Skills and diversity
- The UK government should encourage participation from under-represented communities in the space sector, including women, ethnic minorities, those from low socio-economic backgrounds, persons with disabilities, and re-skilled professionals (eg, those made redundant).
- Any data and technology solutions designed by British organisations should be designed in an inclusive and responsible way, which ultimately leads to better uptake of solutions. This is especially true in international development, where a lack of stakeholder inclusion and systems thinking can lead to unsustainable programs. For example, many data for development programs end after the initial funding period because the political and community engagement foundations weren’t established – governments are unwilling to maintain programs for evidence-based decisions, and citizen trust hasn’t been established for effective policy change. While it’s not possible for British organisations to deeply engage in all corners of the world, partnership organisations like the Global Partnership play a critical supporting role.
- For instance, from the Global Partnership’s experience, political engagement is critical for the success of any technology for development program – this takes time, commitment, and funding. We developed the Africa Regional Data Cube with NASA, which is essentially an earth observations solution for environmental management. The foundations we laid means that the tool continues to be useful, for example to save endangered rhinos in Kenya. The UK Space Agency’s strategy should focus on deep international engagement and make the most of partnerships to achieve that.
Research funding, investment and economic growth
- The UK government, in establishing the British space sector as a global leader, should focus more on deep stakeholder engagement, whether for commercial or international assistance purposes. For international development, the users of data and technology solutions need to be meaningfully engaged, so that solutions are ultimately more likely to be useful and financially sustainable beyond initial funding. The role of partnership organisations in international stakeholder engagement cannot be understated, by helping to aggregate needs, establish long-term governance frameworks and scale best practices from other countries and organisations.

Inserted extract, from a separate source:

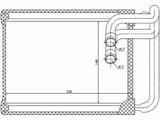 Радиатор печки, радиатор отопителя салона за 11 450 тг. в Караганда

- Professionals in the sector should be given the opportunity to understand the international space market from first-hand experience. This could include international work placement programs in strategic countries, as well as funding as part of academic programs to engage local communities in any internationally focused research projects (eg, Arctic research and engagement with Indigenous communities). This should particularly cater to under-represented professionals in the UK space sector, who may face greater barriers in accessing these types of international opportunities (eg, women, ethnic minorities, those from low socio-economic backgrounds, persons with disabilities, and re-skilled professional).